Computational challenges of studying uncertainty in numerical simulations

Alejandro Ribes,
Seminar

Multiple simulation runs (sometimes several thousand) are required to compute sound statistics for global sensitivity analysis. Current practice consists of running all the necessary instances with different set of input parameters, store the results to disk, often called ensemble data, to later reading them back from disk to compute the required statistics. The amount of storage needed may quickly become overwhelming, with the associated long read time that makes statistical computing time consuming. To avoid this pitfall, scientists reduce their study size by running low resolution simulations or down-sampling output data in space and time. Today petascale and tomorrow exascale machines offer compute capabilities that would enable large scale sensitivity studies. But they are unfortunately not feasible due to this storage issue. In this talk we will explore this problem and discuss novel approaches that may be used in the future.

BIO

Alejandro Ribes graduated in computer science (bachelor’s and master’s) from the Universitat Jaume I, Spain. He also holds a master’s degree in image processing and computer vision from Université de Nice Sophia-Antipolis, France; and received a Ph.D. in multispectral imaging applied to fine art paintings, from the Ecole Nationale Supérieure des Télécommunications, Paris, France.
Alejandro Ribes was also a postdoctoral fellow at the French Atomic Energy Commission, Orsay, France, working on parallel MRI reconstruction. During this postdoc he was appointed as a lecturer at the Computer Science Department of Ecole Polytechnique, Palaiseau, France, where he taught for two years.

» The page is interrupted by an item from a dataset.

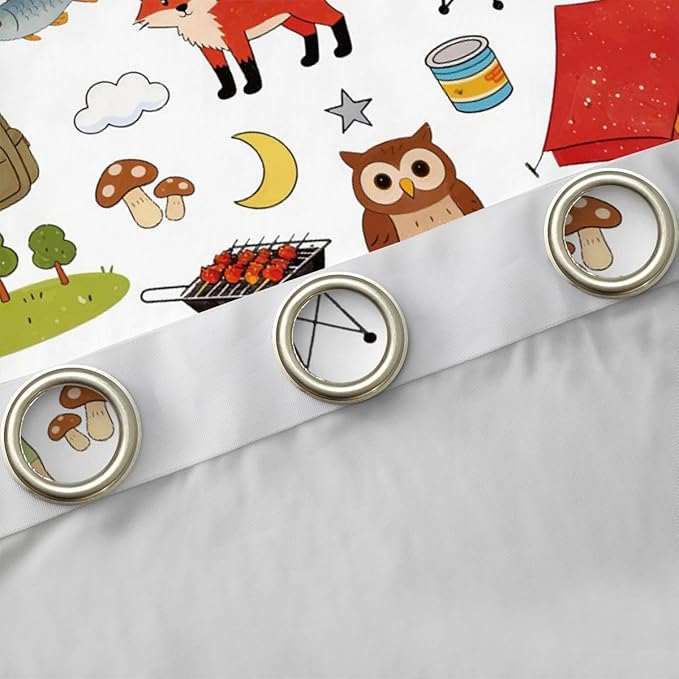 jejeloiu Camper Curtains for Bedroom Living Room Happy Camping Blackout Darkening Drapes Wild Animal Window Treatments, 2 Panels 42 x 84 Inch RV Camping Room Decor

Alejandro also worked in MRI technology as a visiting scholar at the National Yang-Ming University, Taipei, Taiwan.

From 2009, Alejandro Ribes holds a permanent position at the Research & Development Department of EDF, a major European electric power company. He is responsible for an activity involving the visualization of complex and large industrial data, normally issued from numerical simulations of physical processes. He also collaborates with Université Pierre et Marie-Curie (Paris) by lecturing on opto-electronics.